Japanese Katsu Bowls with Tonkatsu (Print-Friendly Version)

Golden-brown, panko-crusted cutlets over rice with tangy tonkatsu sauce - the perfect blend of crunch and umami in every bite.

# What You Need:

→ For the Katsu

01 - 2 boneless pork chops or chicken breasts
02 - Salt and pepper, to taste
03 - 120g all-purpose flour
04 - 1 large egg, beaten
05 - 100g panko breadcrumbs
06 - Vegetable oil, for frying

→ For the Tonkatsu Sauce

07 - 60ml ketchup
08 - 2 tbsp Worcestershire sauce
09 - 1 tbsp soy sauce
10 - 1 tbsp mirin (or honey as substitute)
11 - 1 tsp Dijon mustard
12 - 1/2 tsp garlic powder

→ For the Bowl

13 - 400g cooked Japanese short-grain rice
14 - 50g shredded cabbage
15 - 1 green onion, sliced
16 - Toasted sesame seeds (optional)

# How to Make It:

01 - Season the pork or chicken with salt and pepper. Dredge in flour, then dip into the beaten egg, and coat thoroughly with panko breadcrumbs, pressing gently to adhere.
02 - Heat vegetable oil to a depth of about 1.5cm in a heavy-bottomed pan over medium heat.
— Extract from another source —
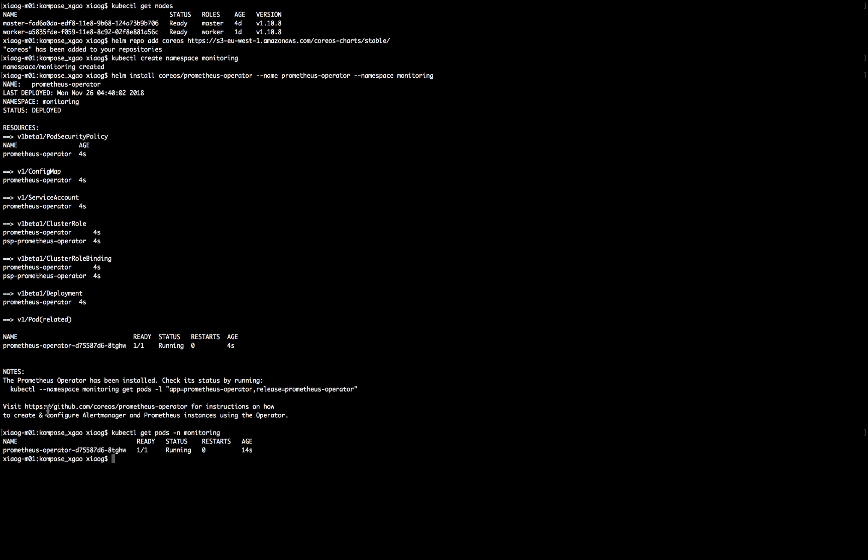We are going to go ahead and leverage the custom resource definition of the operator here to deploy the rest of the Prometheus stack, which includes the alert manager, Grafana, the external exporter, and the cube metrics.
Fry each cutlet for 3-4 minutes per side until golden brown and cooked through. Transfer to a wire rack or paper towel to drain excess oil.
03 - In a small bowl, whisk together ketchup, Worcestershire sauce, soy sauce, mirin, mustard, and garlic powder until smooth and well combined.
04 - Place a generous scoop of rice in each serving bowl. Slice the crispy katsu into 2cm strips and arrange on top of the rice. Drizzle with the homemade tonkatsu sauce. Garnish with shredded cabbage, sliced green onions, and a sprinkle of toasted sesame seeds if desired.

# Additional Tips:

01 - For an authentic experience, serve with Japanese pickles (tsukemono) on the side.
02 - The cutlets can be prepared in advance and kept warm in a low oven while finishing the other components.